Poi c’è un genocidio per distruzione, molto più frequente e insidioso: non si cancella un popolo fisicamente, ma lo si priva della possibilità di esistere come soggetto storico. Si eliminano la sua volontà politica, la sua capacità di autodeterminazione, i suoi strumenti materiali e simbolici per costruire un futuro. Non si uccidono necessariamente tutti gli individui, ma si distrugge la condizione collettiva per decidere, vivere, rappresentarsi. È la morte della storia di un popolo, prima ancora del suo corpo.

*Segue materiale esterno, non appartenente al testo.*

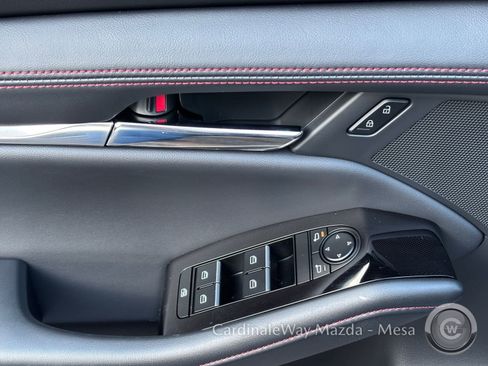 New 2026 MAZDA MAZDA3 Carbon image 17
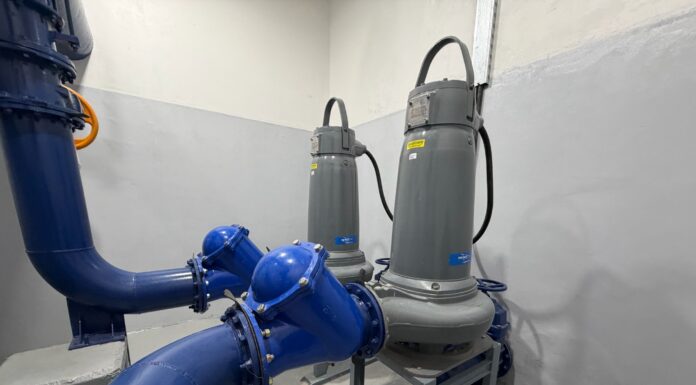 La Cooperativa Eléctrica de Trelew invirtió más de USD 400.000 en la renovación integral de la Estación de Bombeo Cambrin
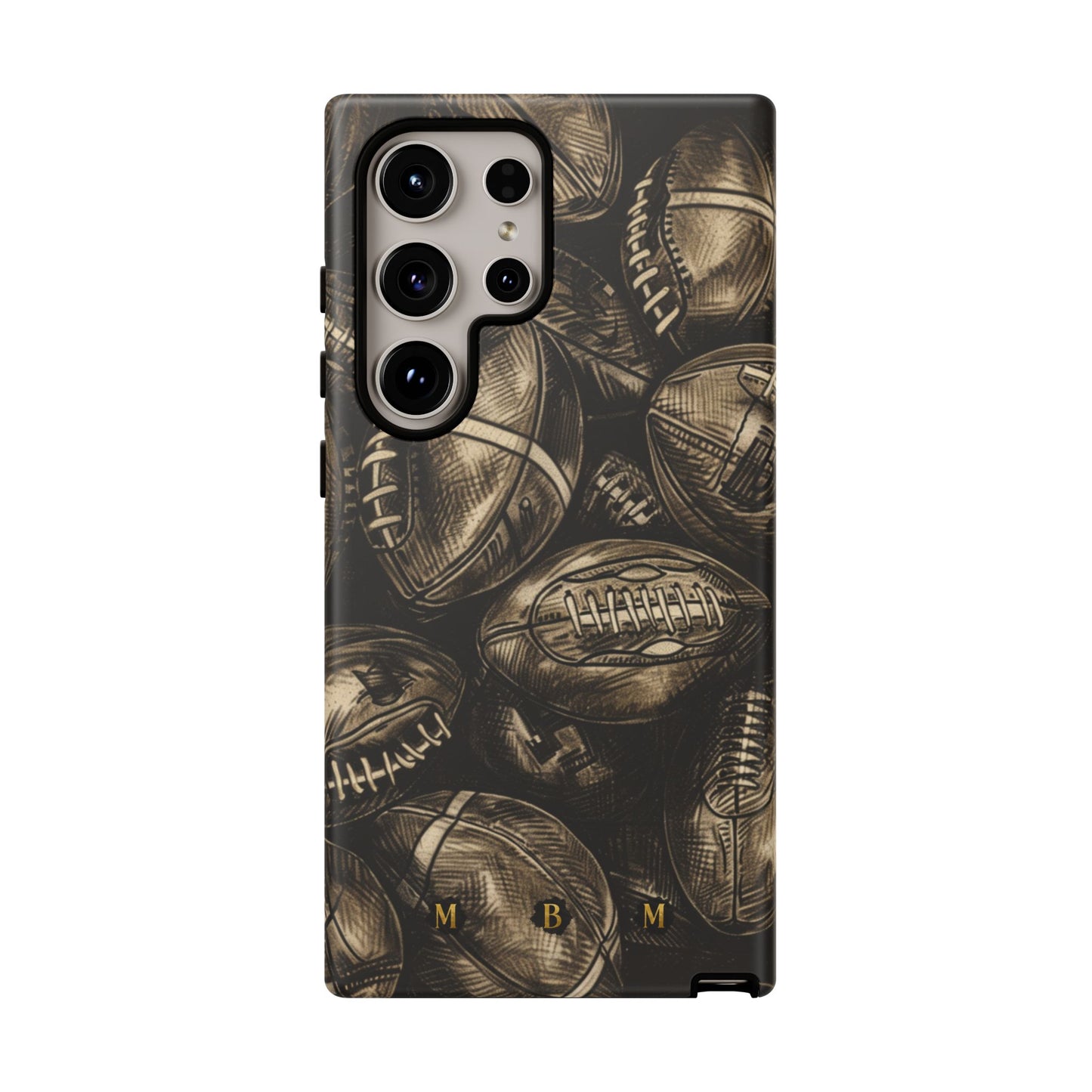 Pigskin Legends Samsung Galaxy S Tough Case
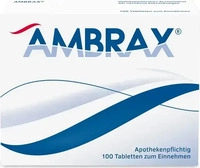 PZN-DE 01277519, Homviora Arzneimittel Dr.Hagedorn Ambrax 100 St&uuml;ck, Grundpreis:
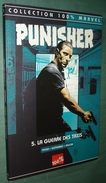 100 % MARVEL : PUNISHER 5 : La Guerre Des Taxis //Garth Ennis Steve Dillon - Panini Comics 2002 - BE+ - Marvel France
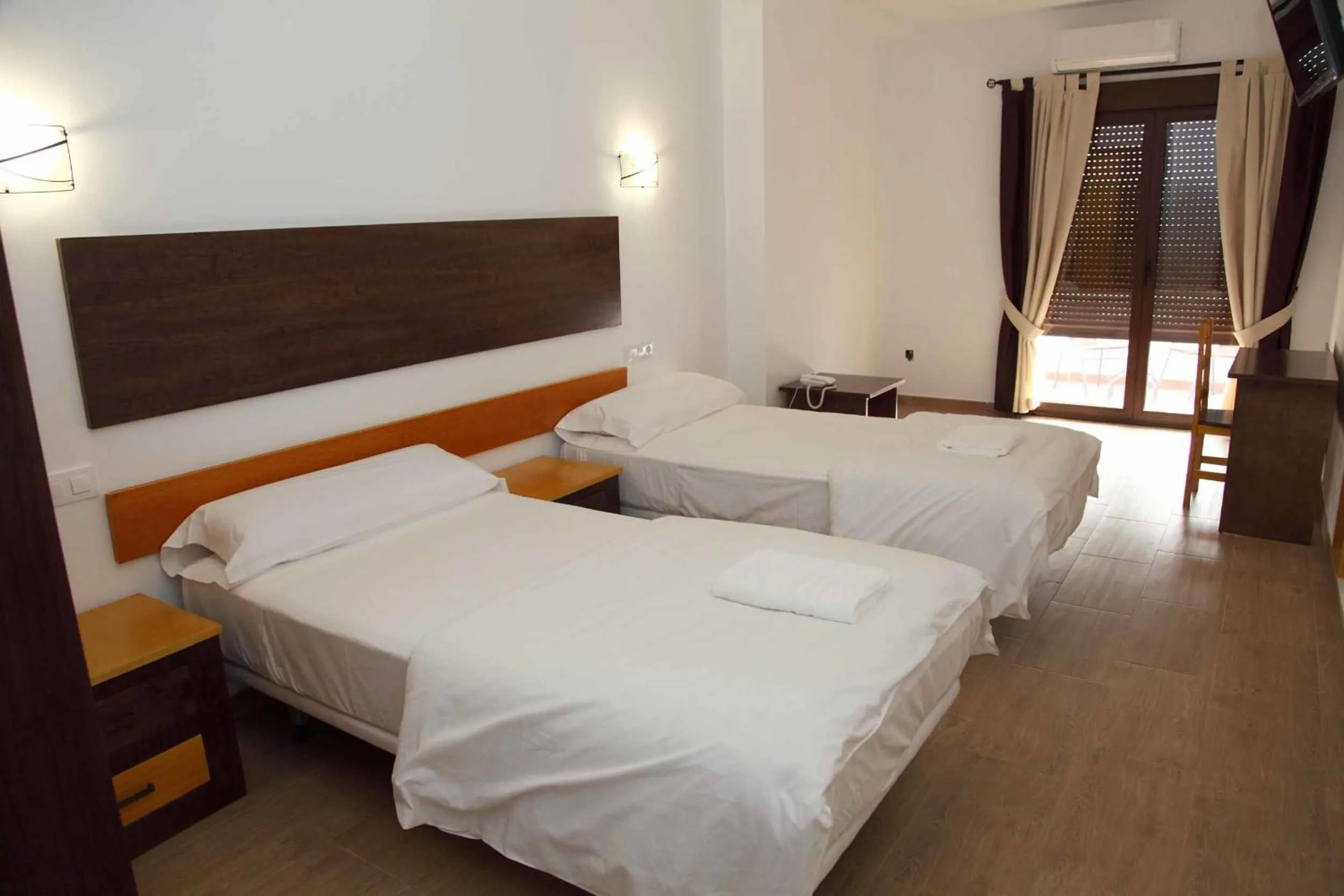 Photo of the whole room, Bed in Hotel Lorenzo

Gaza: la distruzione di un popolo come soggetto
Quello che accade a Gaza oggi non è solo una guerra, né solo una crisi umanitaria. È un processo sistematico di smantellamento delle condizioni di esistenza politica del popolo palestinese. La distruzione delle infrastrutture civili, la paralisi delle istituzioni, il soffocamento economico, l’assedio prolungato, l’isolamento, il bombardamento delle scuole e degli ospedali, non puntano solo a colpire Hamas o a rispondere a un attacco, ma a impedire che quel popolo possa mai ricostruire un soggetto politico.
In questo senso, Gaza oggi è un caso emblematico di genocidio per distruzione. Come lo furono, in forme e tempi differenti, la Shoah ebraica, il genocidio armeno, o lo sterminio degli indiani d’America, privati delle loro terre, dei loro strumenti sociali, e della possibilità di essere altro che sopravvissuti marginali nel racconto della storia dominante.
Il dovere di nominare
Riconoscere questo non è un atto ideologico, ma una scelta di rigore morale e intellettuale. Dare il nome giusto a ciò che accade significa non anestetizzare la coscienza, non accettare l’inerzia dell’orrore.
Il genocidio per distruzione è più difficile da vedere, perché non sempre si traduce in fosse comuni o camere a gas. Ma è altrettanto reale, e spesso più duraturo, perché uccide la possibilità stessa di futuro. E questa, nel XXI secolo, è una delle forme più perverse del potere: decidere chi ha diritto di essere storia e chi no.